*Required action*. Your task is to transcribe all of the data below exactly, omitting the images.

*Data segment*.
:::::

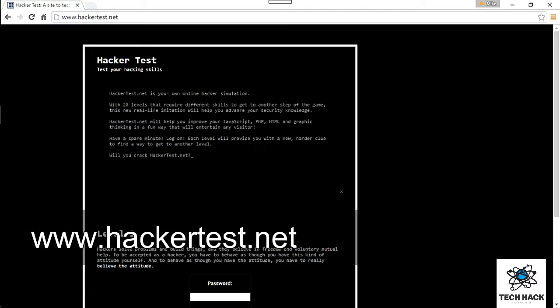The great thing is this is a legal site, so you don't have to worry about the legality of hacking a website. You never want to hack a live website without getting permission, but hackertest.net is a legal site, so it's kind of cool.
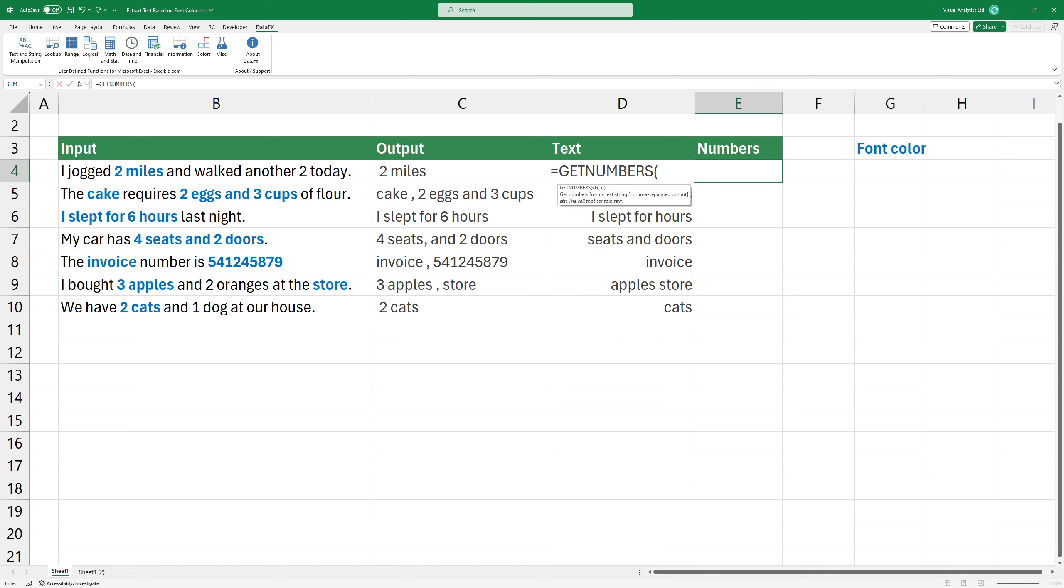Finally, in some cases, you need to extract only the numeric part of a text. Use the get numbers function to extract numeric values.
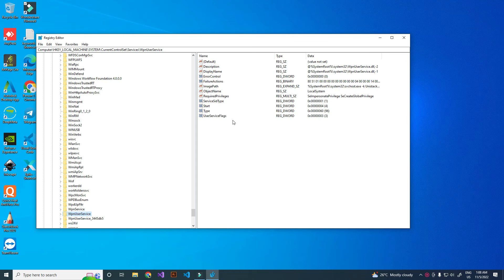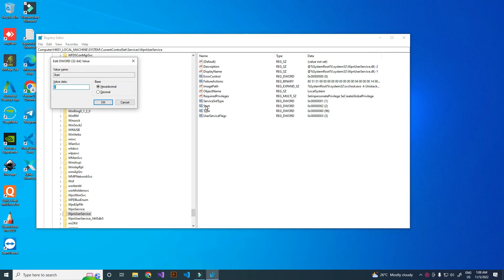On the right side, click on Start registry key and change the value to 4. Click OK.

:::::

*Final answer*.
The great thing is this is a legal site, so you don't have to worry about the legality of hacking a website. You never want to hack a live website without getting permission, but hackertest.net is a legal site, so it's kind of cool.
Finally, in some cases, you need to extract only the numeric part of a text. Use the get numbers function to extract numeric values.
On the right side, click on Start registry key and change the value to 4. Click OK.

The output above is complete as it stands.